■ **EXERCISE DIRECTIONS**
Print each entry again exactly as written, and keep the pictures out.

* * * * *

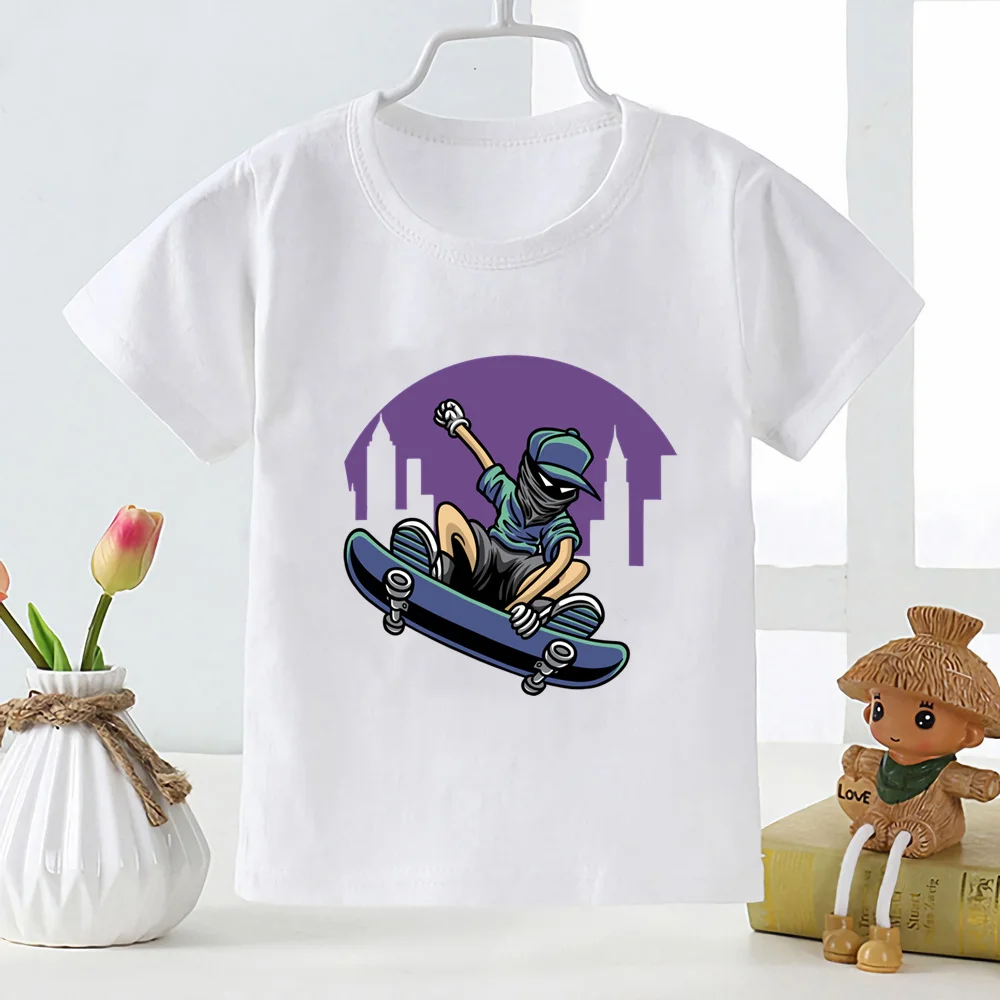 Kids T Shirt Kartoon Skateboard Boys Girls T-shirt Children'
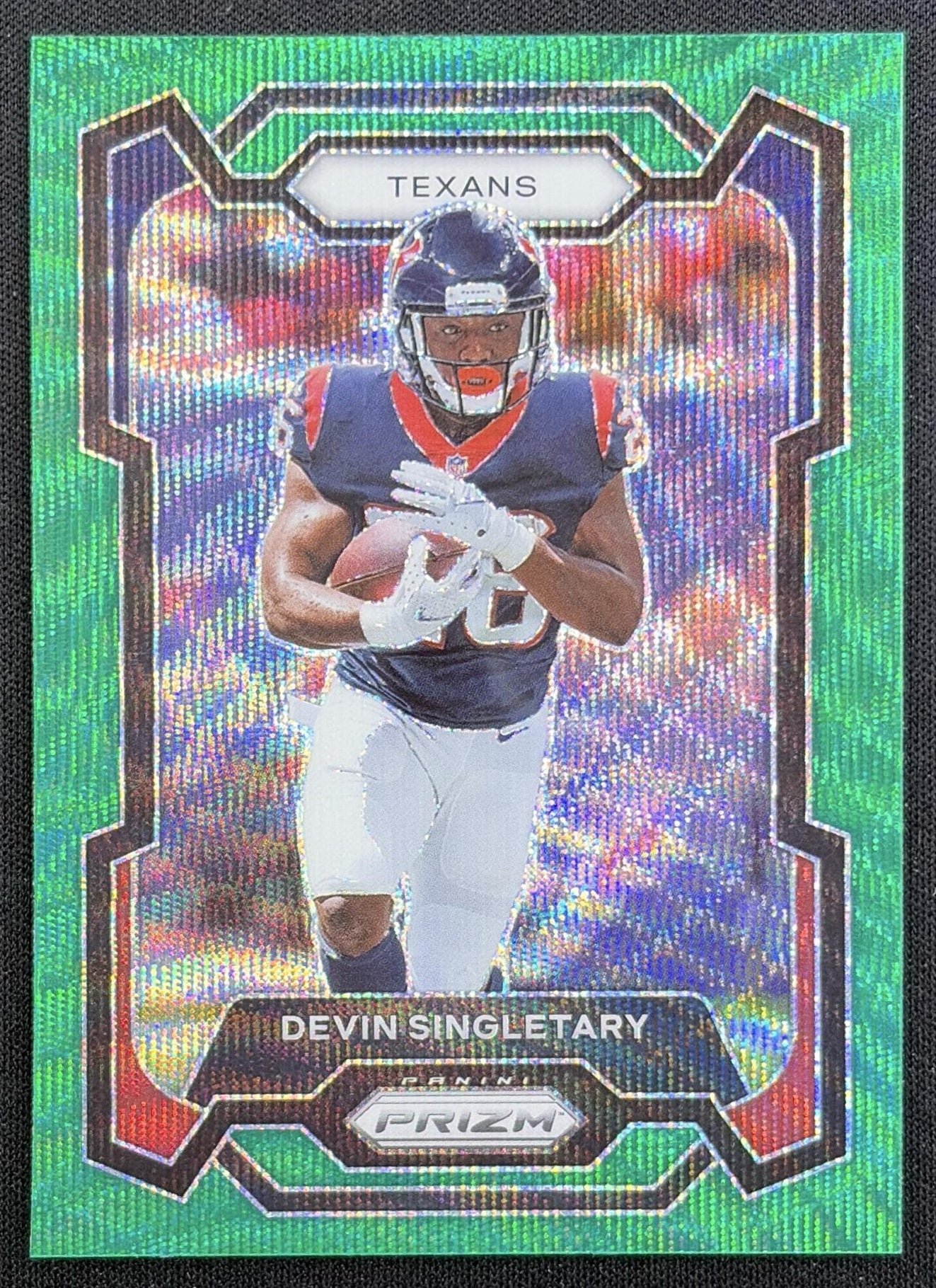 Devin Singletary 2023 Panini Prizm Green Wave Texans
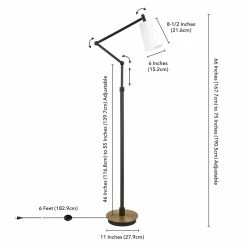 Best Sale 🎉 Maklaine Contemporary 66' Metal Floor Lamp In Brass And Matte Black 🎉 -Henn&Hart shop 2575397 5 L
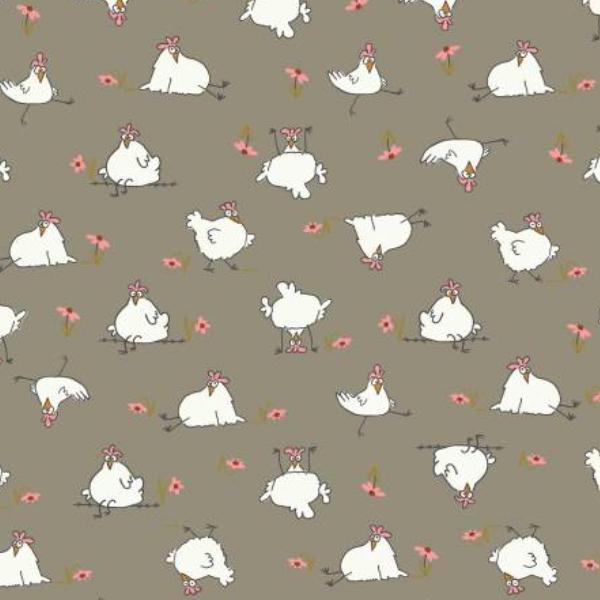 Cluck Cluck Bloom Chickens Taupe by Teresa Magnuson for Clothworks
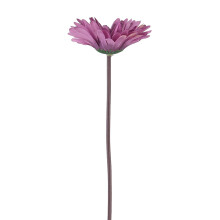 Kunstig silkegerbera, margueritblomst, hvid, realistisk blomsterstilk med plastikbase, ideel til kommerciel ornament, festbordsdekoration og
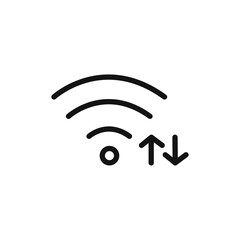 Wifi Signal icon black and white vector outline sign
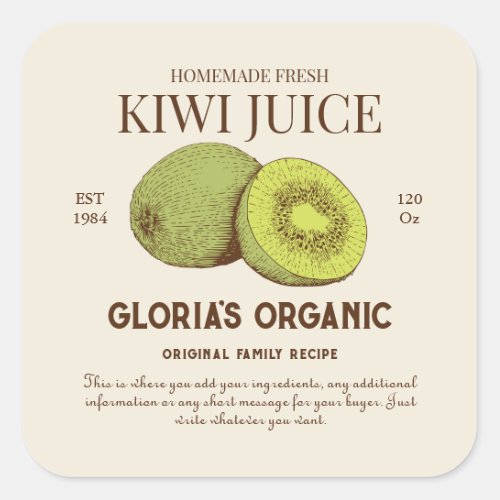 Vintage Kiwi Fruit Juice Custom Product Label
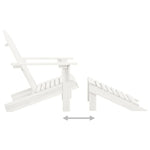 Garden Adirondack Chair with Ottoman&Table Solid Fir Wood White 315929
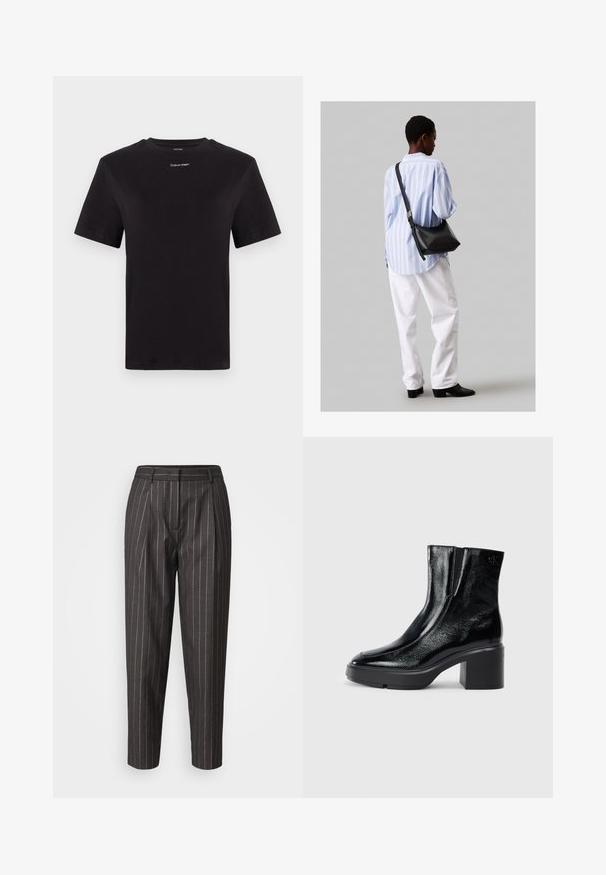 Schwarzes Baumwoll-T-Shirt mit kurzen Ärmeln, Rundhalsausschnitt und kleinem weißen "Calvin Klein"-Logo auf der Brust. Glatte Textur, klassischer Schnitt.; Dunkelgraue maßgeschneiderte Hosen mit vertikalen weißen Nadelstreifen, gefältelter Vorderseite und schmal zulaufenden Beinen. Hergestellt aus glattem Stoff mit Gürtelschlaufen.; Schwarze Lackleder-Stiefeletten mit einer geschwungenen Zehenpartie, elastischen Seiteneinsätzen und einem klobigen Blockabsatz. Mit geprägtem Logo auf der Rückseite.; Schwarze Leder-Umhängetasche mit weicher Textur, dreieckiger Form und verstellbarem Tragegurt, kombiniert mit einem hellblauen gestreiften Hemd und weißen Hosen.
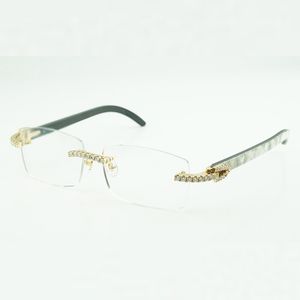 Moissanit Taşları Sonsuz Elmas Gözlük Çerçeveleri 3524012 Buffs Güneş gözlükleri doğal siyah karışık manda boynuz bacakları ve 56 mm berrak lensler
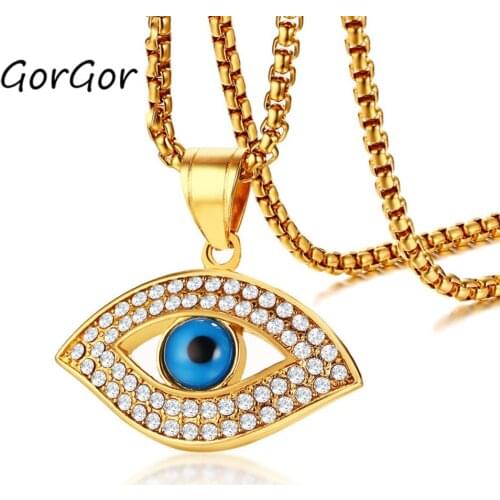 GorGor New Arrivals Stainless Steel Rhinestone Evil Eye Gold Color Pendant Necklace for Couple Simple Jewelry Gift PN-1031G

* * * * *

■ **ANSWER TO THE PROBLEM**
 Kids T Shirt Kartoon Skateboard Boys Girls T-shirt Children'
 Devin Singletary 2023 Panini Prizm Green Wave Texans
 Best Sale 🎉 Maklaine Contemporary 66' Metal Floor Lamp In Brass And Matte Black 🎉 -Henn&Hart shop 2575397 5 L
 Cluck Cluck Bloom Chickens Taupe by Teresa Magnuson for Clothworks
 Kunstig silkegerbera, margueritblomst, hvid, realistisk blomsterstilk med plastikbase, ideel til kommerciel ornament, festbordsdekoration og
 Wifi Signal icon black and white vector outline sign
 Vintage Kiwi Fruit Juice Custom Product Label
 Garden Adirondack Chair with Ottoman&Table Solid Fir Wood White 315929
 Schwarzes Baumwoll-T-Shirt mit kurzen Ärmeln, Rundhalsausschnitt und kleinem weißen "Calvin Klein"-Logo auf der Brust. Glatte Textur, klassischer Schnitt.; Dunkelgraue maßgeschneiderte Hosen mit vertikalen weißen Nadelstreifen, gefältelter Vorderseite und schmal zulaufenden Beinen. Hergestellt aus glattem Stoff mit Gürtelschlaufen.; Schwarze Lackleder-Stiefeletten mit einer geschwungenen Zehenpartie, elastischen Seiteneinsätzen und einem klobigen Blockabsatz. Mit geprägtem Logo auf der Rückseite.; Schwarze Leder-Umhängetasche mit weicher Textur, dreieckiger Form und verstellbarem Tragegurt, kombiniert mit einem hellblauen gestreiften Hemd und weißen Hosen.
 Moissanit Taşları Sonsuz Elmas Gözlük Çerçeveleri 3524012 Buffs Güneş gözlükleri doğal siyah karışık manda boynuz bacakları ve 56 mm berrak lensler
 GorGor New Arrivals Stainless Steel Rhinestone Evil Eye Gold Color Pendant Necklace for Couple Simple Jewelry Gift PN-1031G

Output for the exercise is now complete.